Unifying Invariant and Variant Features for Graph Out-of-Distribution via Probability of Necessity and Sufficiency

Xuexin Chen,Ruichu Cai,Kaitao Zheng,Zhifan Jiang,Zhengting Huang,Zhifeng Hao,Zijian Li
2024-07-22
Abstract:Graph Out-of-Distribution (OOD), requiring that models trained on biased data generalize to the unseen test data, has considerable real-world applications. One of the most mainstream methods is to extract the invariant subgraph by aligning the original and augmented data with the help of environment augmentation. However, these solutions might lead to the loss or redundancy of semantic subgraphs and result in suboptimal generalization. To address this challenge, we propose exploiting Probability of Necessity and Sufficiency (PNS) to extract sufficient and necessary invariant substructures. Beyond that, we further leverage the domain variant subgraphs related to the labels to boost the generalization performance in an ensemble manner. Specifically, we first consider the data generation process for graph data. Under mild conditions, we show that the sufficient and necessary invariant subgraph can be extracted by minimizing an upper bound, built on the theoretical advance of the probability of necessity and sufficiency. To further bridge the theory and algorithm, we devise the model called Sufficiency and Necessity Inspired Graph Learning (SNIGL), which ensembles an invariant subgraph classifier on top of latent sufficient and necessary invariant subgraphs, and a domain variant subgraph classifier specific to the test domain for generalization enhancement. Experimental results demonstrate that our SNIGL model outperforms the state-of-the-art techniques on six public benchmarks, highlighting its effectiveness in real-world scenarios.

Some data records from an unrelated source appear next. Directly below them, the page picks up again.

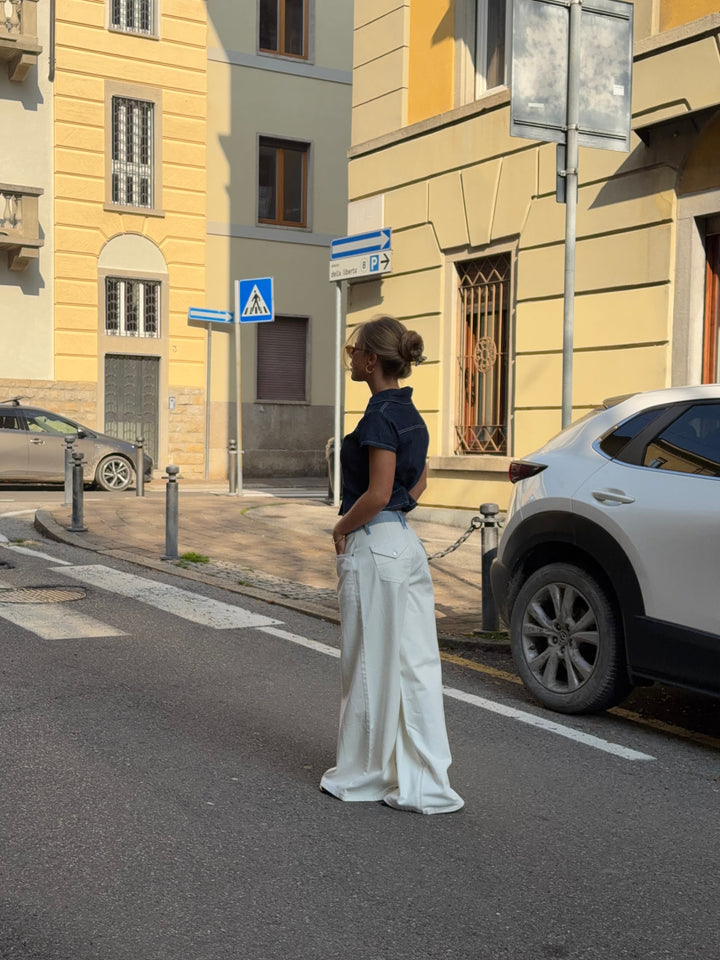 Bjørk striped low-waist loose jeans - White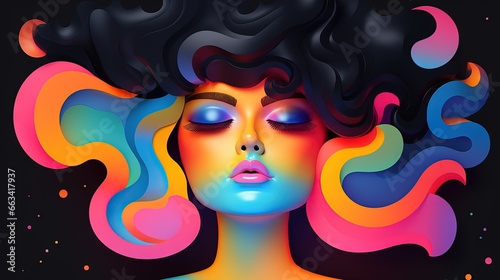  a woman's face with colorful hair and makeup on a black background with a splash of paint on her face and the image of a woman's face. generative ai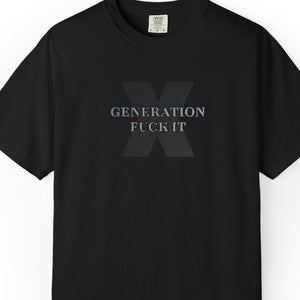 Black t-shirt with embroidered Gen X  text on a white background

Machine Learning,Artificial Intelligence
What problem does this paper attempt to address?
The paper primarily addresses the Out-of-Distribution (OOD) generalization challenges encountered by Graph Neural Networks (GNNs) when processing graph data. Specifically, the research aims to solve the following issues: 1. **Extracting Optimal Invariant Subgraphs**: Existing methods extract invariant features through environmental augmentation to achieve domain generalization. However, these methods often struggle to find a balance, achieving an optimal trade-off between invariance alignment and prediction accuracy. This can lead to the loss or redundancy of semantic subgraphs, thereby affecting generalization performance. 2. **Utilizing Necessary and Sufficient Invariant Substructures**: The paper proposes a new framework that uses the Probability of Necessity and Sufficiency (PNS) to extract sufficient and necessary invariant substructures to overcome the aforementioned issues. This approach can better capture invariant features that are crucial for prediction. 3. **Incorporating Domain-Variant Features**: To further improve the model's performance on unseen data, the paper also considers domain-variant subgraphs related to the labels and integrates them with invariant subgraphs to enhance generalization capability. In summary, the core contribution of this paper is the proposal of a method named Sufficiency and Necessity Inspired Graph Learning (SNIGL). This method effectively extracts necessary and sufficient invariant subgraph features from training data and combines them with domain-specific variant features, thereby achieving significant improvements in domain generalization tasks for graph data. Experimental results show that SNIGL outperforms the current state-of-the-art techniques on 6 public benchmark datasets, demonstrating its effectiveness in practical applications.